All times are CEST.
Time | Content | |
---|---|---|
14:00 – 14:05 | Opening | |
14:05 – 14:55 | Keynote Presentation: Redefining HPC Observability: Integrating Monitoring, Modeling, and Meaning Sarah Neuwirth (Johannes Gutenberg University, Germany) | |
14:55 – 15:20 | Paper Presentation: Monitoring Energy Consumption of Workloads on HPC Vega Teo Prica (UM – University of Maribor, Slovenia / IZUM – Institute of Information Science, Slovenia) and Aleš Zamuda (UM – University of Maribor, Slovenia) | |
15:20 – 15:45 | Paper Presentation: Supporting HPC Users with LLview Filipe Souza Mendes Guimarães, Aravind Sankaran and Wolfgang Frings (Forschungszentrum Jülich, Germany) | |
15:45 – 16:00 | Lightning Talk: Enabling Adaptive Power Control through HPC Job Power Prediction Kevin Menear and Dmitry Duplyakin (National Renewable Energy Laboratory, United States) | |
16:00 – 16:30 | Coffee Break | |
16:30 – 16:45 | Lightning Talk: HPC Operational Data Analytics for Digital Twins Jeff Hanson (Hewlett Packard Enterprise, United States) | |
16:45 – 17:10 | Paper Presentation: What Time Taught Us: Monitoring a Computing Technology Testbed Across Multiple Years Eva Siegmann, David Carlson (Stony Brook University, United States), Nikolay Simakov (University at Buffalo, United States), Anthony Curtis, Alan Calder and Robert Harrison (Stony Brook University, United States) | |
17:10 – 17:35 | Paper Presentation: A Unified I/O Monitoring Framework Using eBPF Mahendra Paipuri (CNRS, France) | |
17:35 – 18:00 | Paper Presentation: Duration-Informed Workload Scheduler Daniela Loreti, Davide Leone and Andrea Borghesi (University of Bologna, Italy) |
Keynote Presentation:
Redefining HPC Observability: Integrating Monitoring, Modeling, and Meaning
Sarah Neuwirth (Johannes Gutenberg University, Germany)

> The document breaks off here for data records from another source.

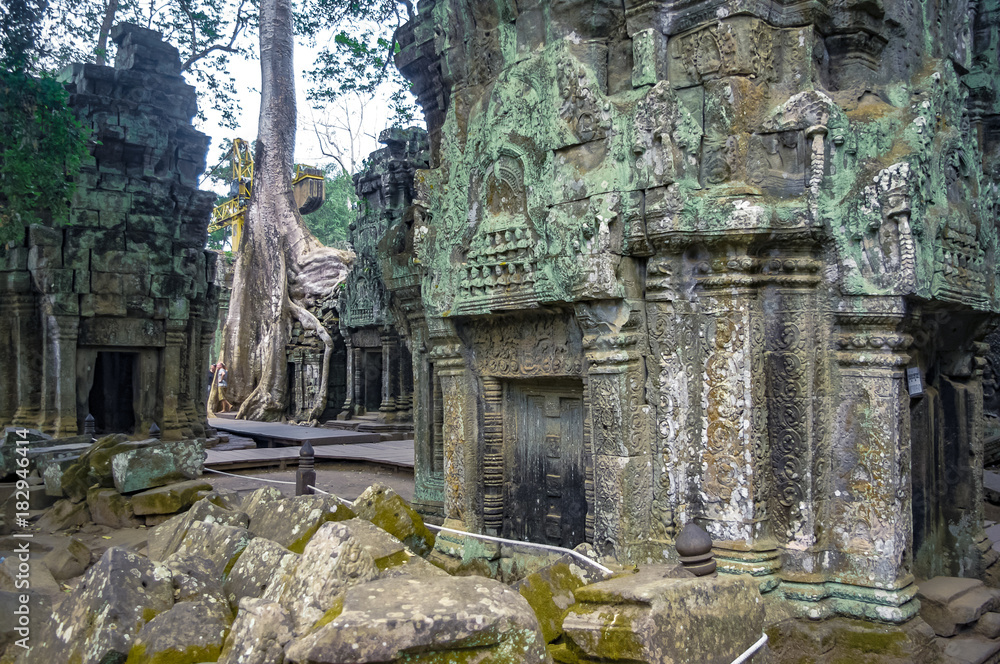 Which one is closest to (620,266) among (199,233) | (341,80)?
(199,233)

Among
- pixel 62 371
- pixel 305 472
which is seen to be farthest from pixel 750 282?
pixel 62 371

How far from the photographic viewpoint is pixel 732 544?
15.2ft

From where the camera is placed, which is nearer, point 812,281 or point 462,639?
point 462,639

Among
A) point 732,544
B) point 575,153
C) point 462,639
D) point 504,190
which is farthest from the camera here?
point 504,190

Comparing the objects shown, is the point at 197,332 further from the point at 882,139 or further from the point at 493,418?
the point at 882,139

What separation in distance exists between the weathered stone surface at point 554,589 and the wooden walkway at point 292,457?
770cm

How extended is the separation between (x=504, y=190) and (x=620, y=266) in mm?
1291

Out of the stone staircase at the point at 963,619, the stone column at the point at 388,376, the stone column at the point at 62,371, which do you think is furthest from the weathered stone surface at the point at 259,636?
the stone column at the point at 388,376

As HPC systems become increasingly heterogeneous and applications span simulation, AI and data-intensive workflows, performance optimization is becoming more complex and traditional monitoring is no longer sufficient. To fully understand and adapt these systems, we need to rethink observability as an integrated process that combines continuous monitoring, empirical modeling, and domain-relevant interpretation. This talk will explore how such a shift can transform the analysis, optimization and operation of HPC systems at scale.
Drawing on practical experience and recent research, this talk will propose a framework that combines low-level telemetry with explainable modeling approaches, including I/O pattern detection, extended roofline analysis, ML-driven performance workflows, and benchmarking strategies. We will explore how to extract meaning from multiple data sources, foster reproducibility, and build trust in performance insights. The talk will conclude with a vision for self-aware HPC environments that can dynamically and responsibly adapt to evolving computational needs.